====== DATA EXTRACT ======
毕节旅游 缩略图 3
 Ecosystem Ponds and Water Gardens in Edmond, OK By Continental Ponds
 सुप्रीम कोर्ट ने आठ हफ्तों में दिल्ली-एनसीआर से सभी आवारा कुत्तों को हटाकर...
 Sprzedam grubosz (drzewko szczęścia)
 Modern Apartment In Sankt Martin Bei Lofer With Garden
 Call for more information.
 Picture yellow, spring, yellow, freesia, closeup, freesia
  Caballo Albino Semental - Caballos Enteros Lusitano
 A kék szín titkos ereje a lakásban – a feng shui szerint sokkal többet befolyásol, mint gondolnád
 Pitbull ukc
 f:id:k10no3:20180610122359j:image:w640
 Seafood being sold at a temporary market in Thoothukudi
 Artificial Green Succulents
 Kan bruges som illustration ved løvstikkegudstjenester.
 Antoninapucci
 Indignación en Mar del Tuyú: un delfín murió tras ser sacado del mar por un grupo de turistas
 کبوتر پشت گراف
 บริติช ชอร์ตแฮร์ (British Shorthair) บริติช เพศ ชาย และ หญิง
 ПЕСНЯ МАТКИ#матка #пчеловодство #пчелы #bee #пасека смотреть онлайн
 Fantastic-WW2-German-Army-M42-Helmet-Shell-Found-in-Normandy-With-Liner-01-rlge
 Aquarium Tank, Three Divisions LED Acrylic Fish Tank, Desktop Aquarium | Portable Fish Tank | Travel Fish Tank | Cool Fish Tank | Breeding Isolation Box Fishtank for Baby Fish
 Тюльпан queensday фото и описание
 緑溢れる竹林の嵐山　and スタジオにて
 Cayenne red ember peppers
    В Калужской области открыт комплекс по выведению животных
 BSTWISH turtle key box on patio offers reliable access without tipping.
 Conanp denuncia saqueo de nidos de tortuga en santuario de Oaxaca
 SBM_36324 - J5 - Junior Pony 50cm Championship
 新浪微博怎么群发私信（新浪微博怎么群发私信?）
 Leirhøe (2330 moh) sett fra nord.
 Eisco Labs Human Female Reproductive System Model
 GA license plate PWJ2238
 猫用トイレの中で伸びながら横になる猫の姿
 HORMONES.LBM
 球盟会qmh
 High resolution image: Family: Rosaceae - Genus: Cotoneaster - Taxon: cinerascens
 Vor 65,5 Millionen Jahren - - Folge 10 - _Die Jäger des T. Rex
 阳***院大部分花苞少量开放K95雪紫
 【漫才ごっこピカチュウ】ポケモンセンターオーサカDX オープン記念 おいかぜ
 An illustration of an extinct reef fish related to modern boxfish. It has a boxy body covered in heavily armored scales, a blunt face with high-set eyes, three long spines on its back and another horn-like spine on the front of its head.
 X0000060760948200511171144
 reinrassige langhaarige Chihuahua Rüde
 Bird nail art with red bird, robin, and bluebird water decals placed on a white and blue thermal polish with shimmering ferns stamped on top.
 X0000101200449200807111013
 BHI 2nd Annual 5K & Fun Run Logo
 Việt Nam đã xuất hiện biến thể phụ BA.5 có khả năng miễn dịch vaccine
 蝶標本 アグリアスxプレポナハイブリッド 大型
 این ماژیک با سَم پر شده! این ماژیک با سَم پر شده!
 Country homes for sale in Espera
======
WHAT YOU SHOULD DO - In the records above, the line with "新浪微博怎么群发私信（新浪微博怎么群发私信?）" marks the start and the line with "Bird nail art" marks the end; copy that stretch exactly, both lines included, and nothing else.

EXERCISE ANSWER -
 新浪微博怎么群发私信（新浪微博怎么群发私信?）
 Leirhøe (2330 moh) sett fra nord.
 Eisco Labs Human Female Reproductive System Model
 GA license plate PWJ2238
 猫用トイレの中で伸びながら横になる猫の姿
 HORMONES.LBM
 球盟会qmh
 High resolution image: Family: Rosaceae - Genus: Cotoneaster - Taxon: cinerascens
 Vor 65,5 Millionen Jahren - - Folge 10 - _Die Jäger des T. Rex
 阳***院大部分花苞少量开放K95雪紫
 【漫才ごっこピカチュウ】ポケモンセンターオーサカDX オープン記念 おいかぜ
 An illustration of an extinct reef fish related to modern boxfish. It has a boxy body covered in heavily armored scales, a blunt face with high-set eyes, three long spines on its back and another horn-like spine on the front of its head.
 X0000060760948200511171144
 reinrassige langhaarige Chihuahua Rüde
 Bird nail art with red bird, robin, and bluebird water decals placed on a white and blue thermal polish with shimmering ferns stamped on top.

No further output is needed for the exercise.